Dataset section »
───
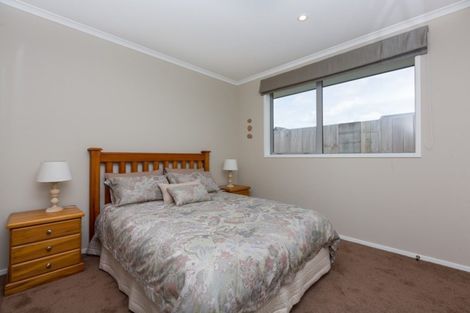 Photo of property in 7a Royal Heights, Glen Avon, New Plymouth, 4312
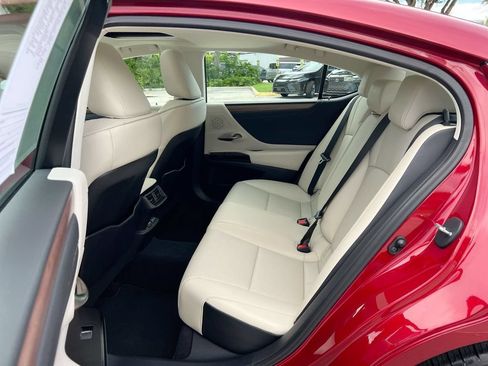 Certified 2024 Lexus ES 350 w/ Premium Package FWD image 19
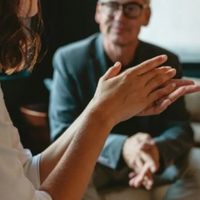 ¿Te tocás las manos cuando hablás? Lo que dice la psicología sobre este gesto que hacemos sin darnos cuenta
───
Line by line, return the listing above exactly, leaving out its pictures.

Written response »
 Photo of property in 7a Royal Heights, Glen Avon, New Plymouth, 4312
 Certified 2024 Lexus ES 350 w/ Premium Package FWD image 19
 ¿Te tocás las manos cuando hablás? Lo que dice la psicología sobre este gesto que hacemos sin darnos cuenta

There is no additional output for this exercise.